Я не вхожу в обсуждение самих терминов, достаточно неточных, поскольку не приходится говорить в фольклоре ни о реализме, ни о романичности или романтичности (romantic tales), а также поскольку в настоящих новеллах анекдотический компонент не менее важен, чем авантюрный и романический.
Различия между анекдотической и собственно новеллистической (романической, авантюрно-бытовой) сказками не только в оппозиции шутливости/серьезности, но и формально в различии коротких одноактных эпизодов или серии таких эпизодов, простой или более сложной композиционной структуры. Практически дифференциацию провести нелегко, тем более что элементы юмора часто проникают и в «романические» сюжеты. Кроме того, надо иметь в виду и широкую контаминацию анекдотических и авантюрно-бытовых, романических мотивов, с одной стороны, романических и волшебных — с другой.
Перейдем к краткой характеристике новеллистической и анекдотической сказки. Такое рассмотрение явится необходимой предварительной ступенью, предшествующей собственно исторической поэтике новеллы. Я буду исходить из общего объема, учтенного в Указателях сказочных сюжетов по системе Аарне — Томпсона (в дальнейших ссылках — АТ), и ссылаться, иногда критически, на эту общепринятую классификацию. Таким образом, новеллистическая «стихия» предстанет в ее элементарных основах на фоне других разновидностей фольклора, прежде всего волшебной сказки.

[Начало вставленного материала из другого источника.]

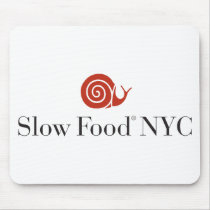 Slow Food NYC logo products Mouse Pad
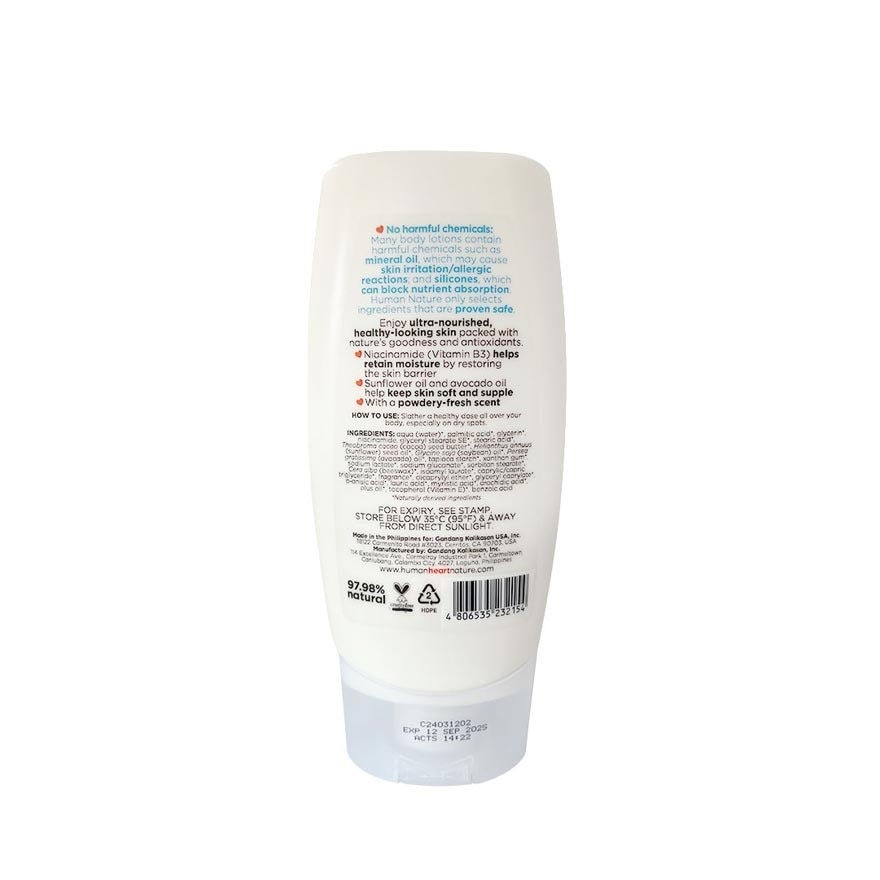 Human Nature Skin Barrier Boosting Lotion Power Love 250Ml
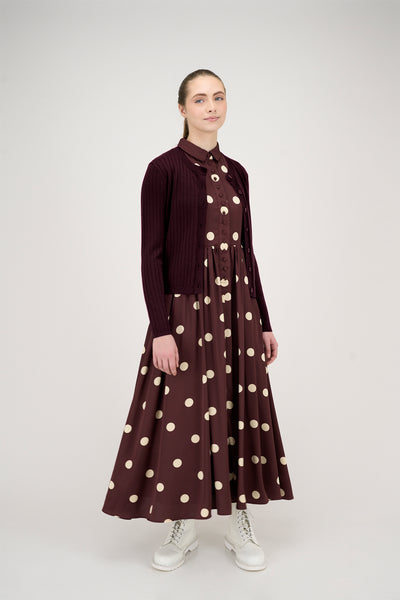 Greta Jumper Burgundy #8756MD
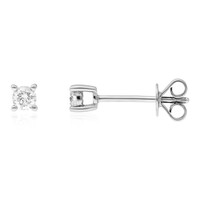 14K I1 (H) Diamond Gold Earrings (CIRARI)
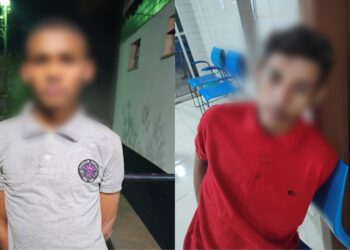 Dupla é presa em flagrante ao tentar arrombar comércio em Itaituba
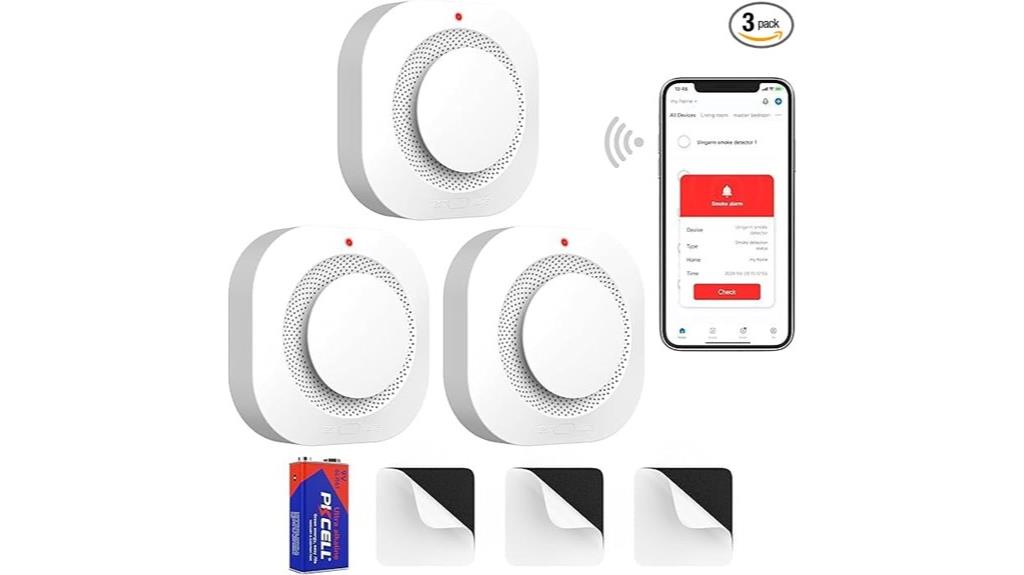 wireless multi pack smoke alarms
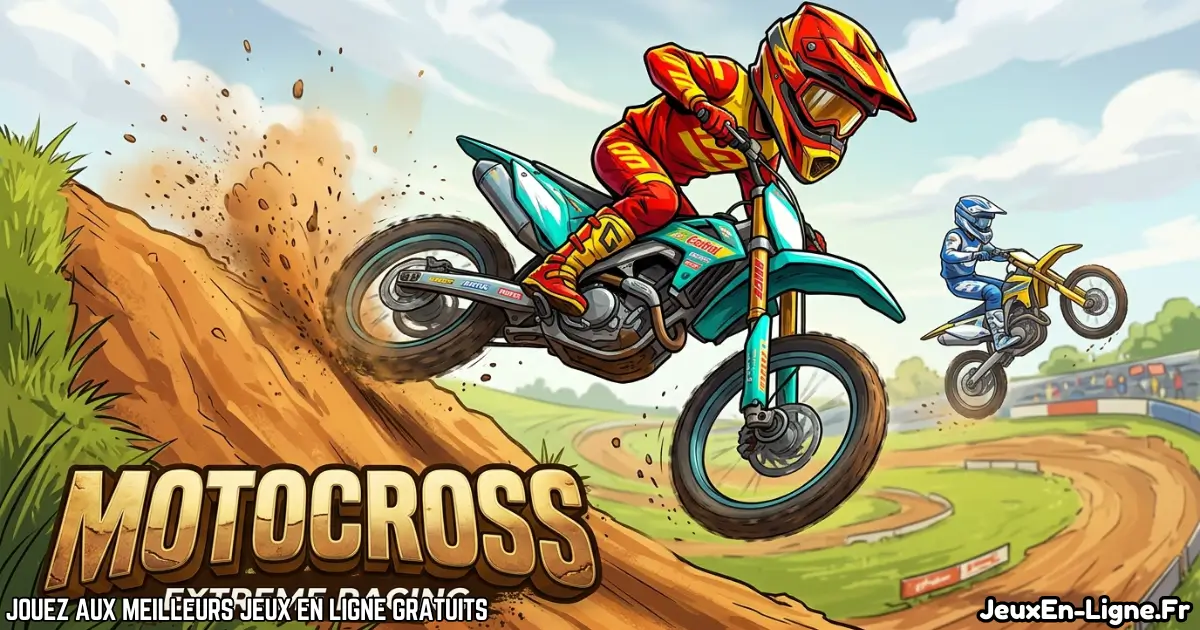 Joue à Motocross Gratuit En Ligne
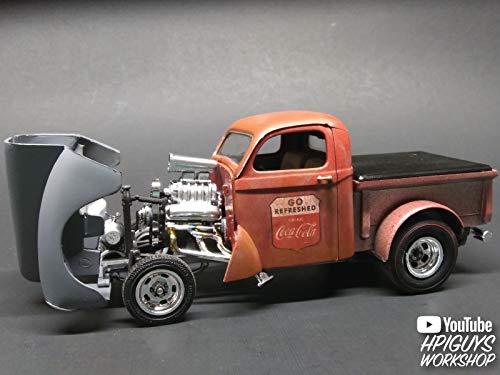 AMT 1145 1/25 1940 Willys Pickup Gasser, Coca Cola 2T Model Kit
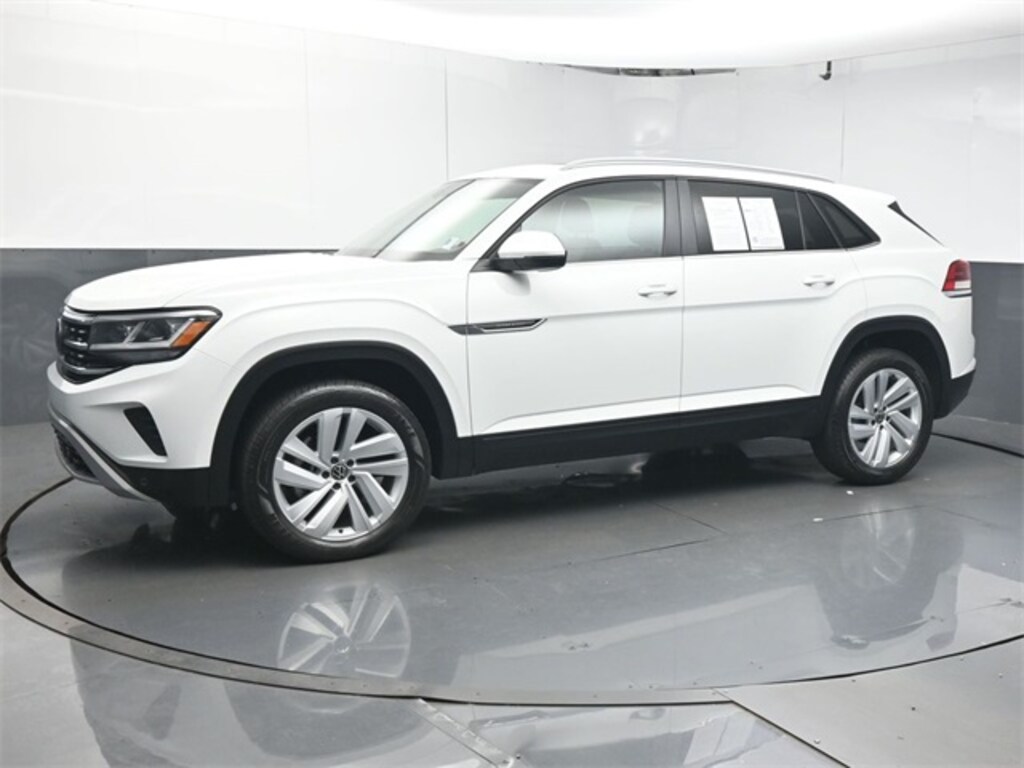 Used 2022 Volkswagen Atlas Cross Sport 3.6L V6 SE w/Technology SUV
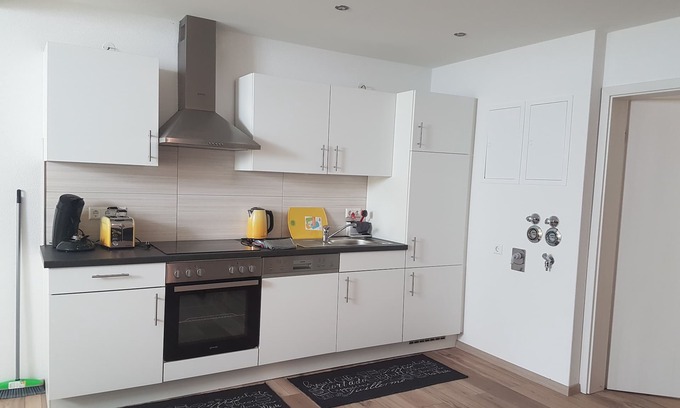Rheinfelden Apartment | Yellow Apartment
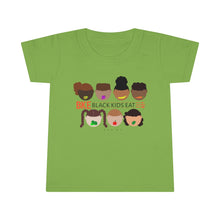 Load image into Gallery viewer, Signature Black Kids Eat (BKE) Toddler T-shirt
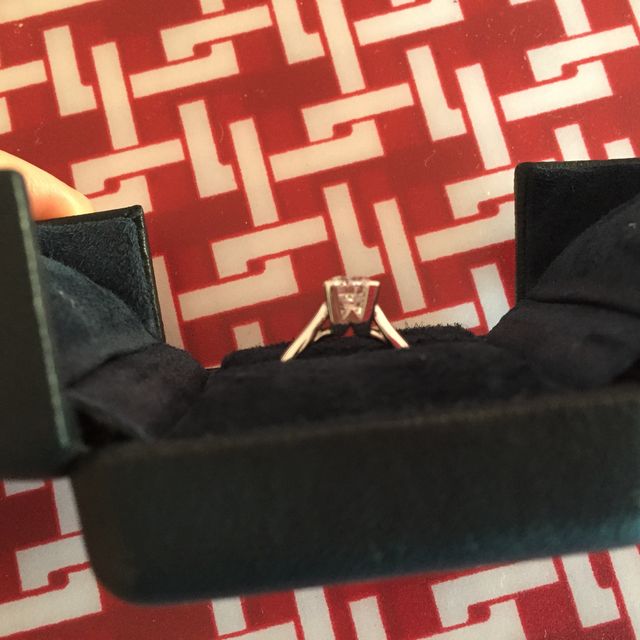 【ハリー・ウィンストン(Harry Winston)の口コミ】 20歳の時から結婚指輪は絶対にハリーウィンストンと決めていた！ハリーウ…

Особенности новеллистической сказки в узком понимании отчетливо выявляются как раз в сопоставлении с волшебной сказкой. Не буду давать описание волшебной сказки, подробно выполненное В. Я. Проппом и его продолжателями (см. [Пропп 1969, Греймас 1976, Мелетинский 1958, 1979, 1983, Мелетинский и др. 1969—1971]). Как известно, В. Я. Пропп представил метасюжет европейской волшебной сказки как линейную последовательность тридцати одной функции (а также определил ее персонажей и их роли). Но из этой последовательности нетрудно выделить два обязательных и третий дополнительный композиционный блок: после исходной ситуации беды/недостачи следуют 1) предварительное испытание героя чудесным помощником-дарителем, завершающееся получением чудесной помощи; 2) основное испытание, в котором чудесный помощник или чудесный предмет практически действуют вместо героя, что приводит к достижению основной цели и, как правило, к вознаграждению героя браком с царевной (царевичем); 3) и иногда, перед или после свадьбы, испытание на идентификацию — окончательное установление личности героя как субъекта основного испытания и наказание ложных претендентов. Эта трехступенчатая структура строится на решающей роли чудесного помощника и соответственно оппозиции предварительного и основного испытаний и представляет собой историю становления героя, как бы прошедшего переходные обряды инициации и брака (такая инициация и отчасти брак и лежат в основе фабулы волшебной сказки; см. [Сэнтив 1923, Пропп 1946, Мелетинский 1958]) и повысившего таким образом свой социальный статус.